### Exercise
Each line of the data must be written out again verbatim; no image belongs in the copy.

### Listed entries
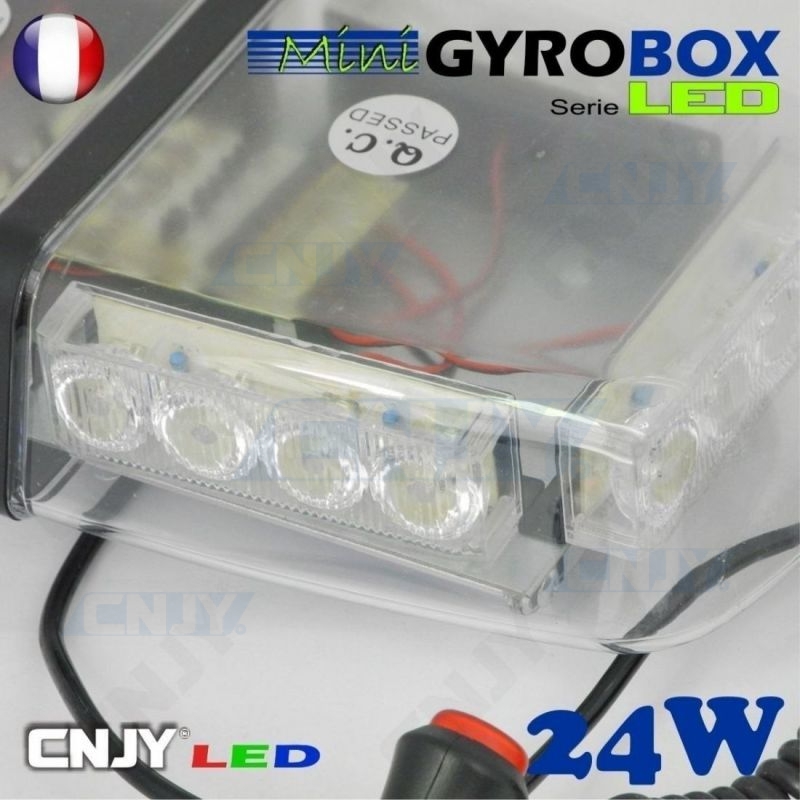 Gyrophare led blanc et orange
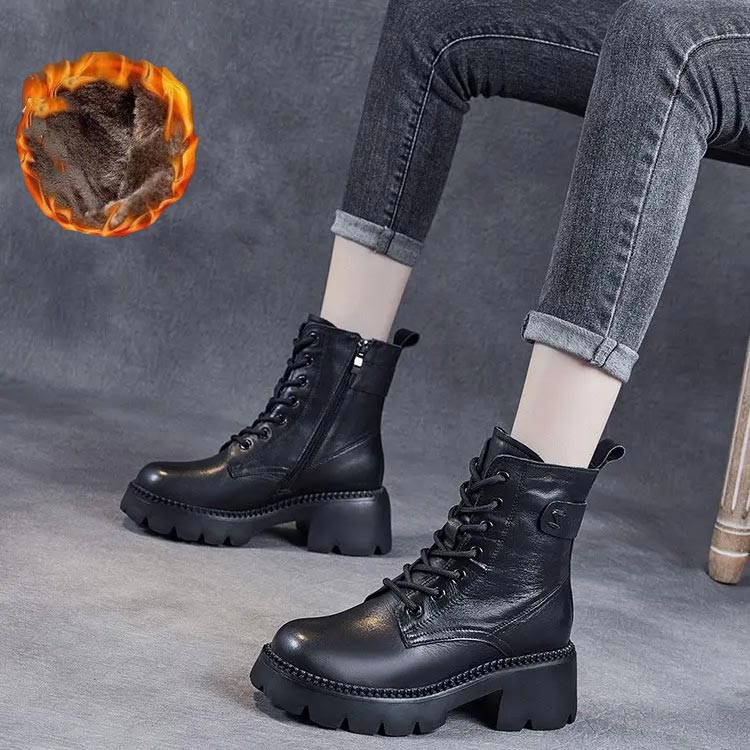 Melinda | Stylish orthopaedic leather boots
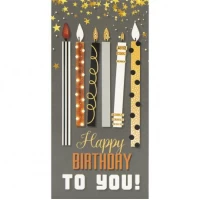 Конверт для грошей вітальний Happy birthday to you! КВ 24-167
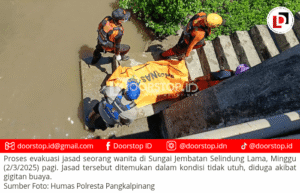 Jasad Wanita yang Ditemukan di Sungai Selindung, Diduga Korban Serangan Buaya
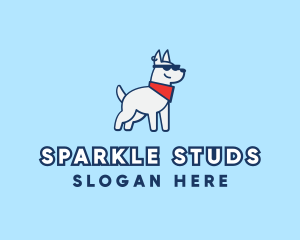 Pet Dog Grooming logo design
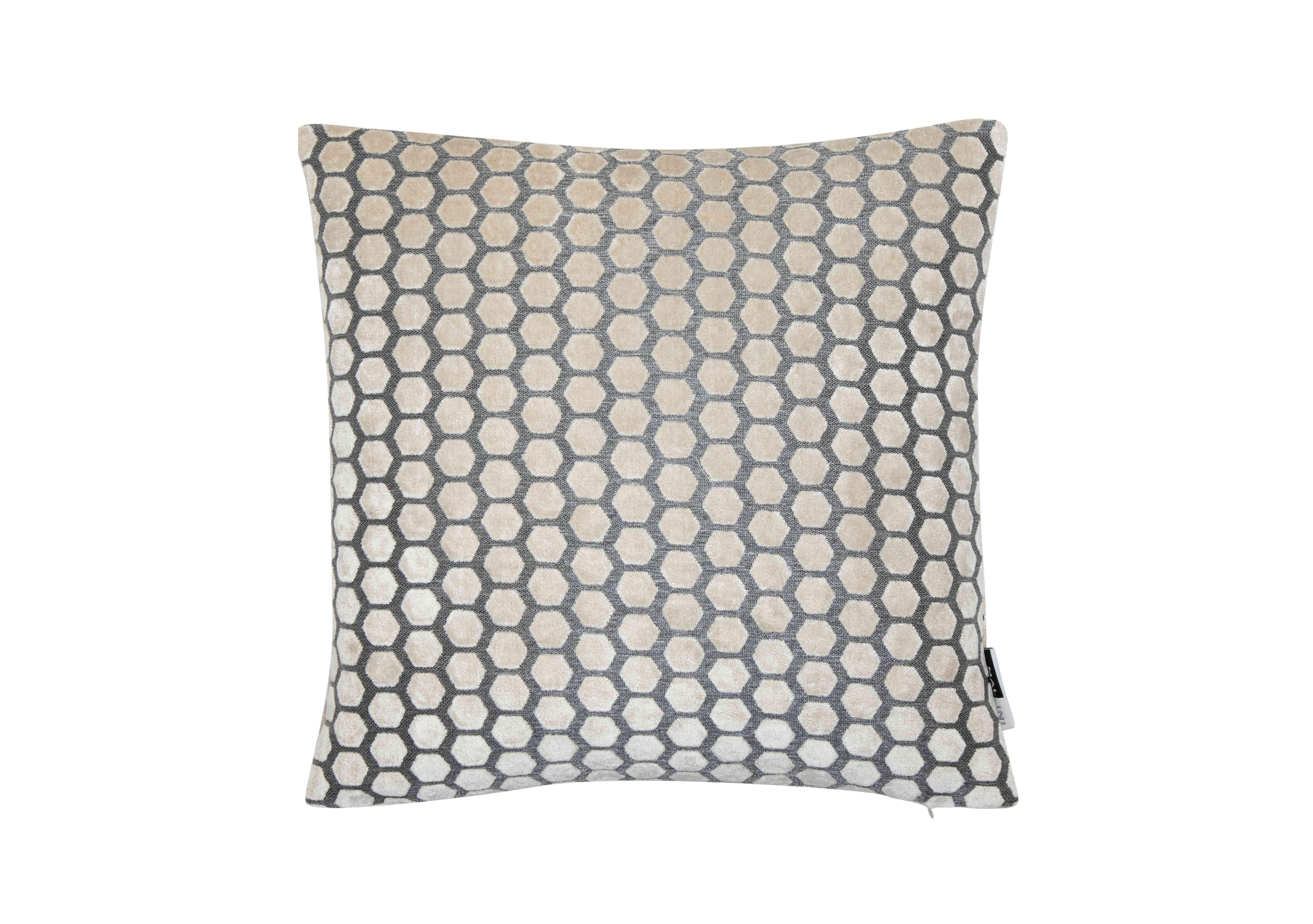 Jorvik Large Cushion in Cream on Furniture Village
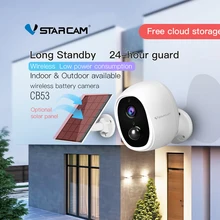 

Vstarcam New Arrival Mini Battery Cameca 1080 HD Waterproof Smart Wifi Camera Outdoor with Solar Charging Panel Long Standby PIR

### Solution below
 Gyrophare led blanc et orange
 Melinda | Stylish orthopaedic leather boots
 Конверт для грошей вітальний Happy birthday to you! КВ 24-167
 Jasad Wanita yang Ditemukan di Sungai Selindung, Diduga Korban Serangan Buaya
 Pet Dog Grooming logo design
 Jorvik Large Cushion in Cream on Furniture Village

Vstarcam New Arrival Mini Battery Cameca 1080 HD Waterproof Smart Wifi Camera Outdoor with Solar Charging Panel Long Standby PIR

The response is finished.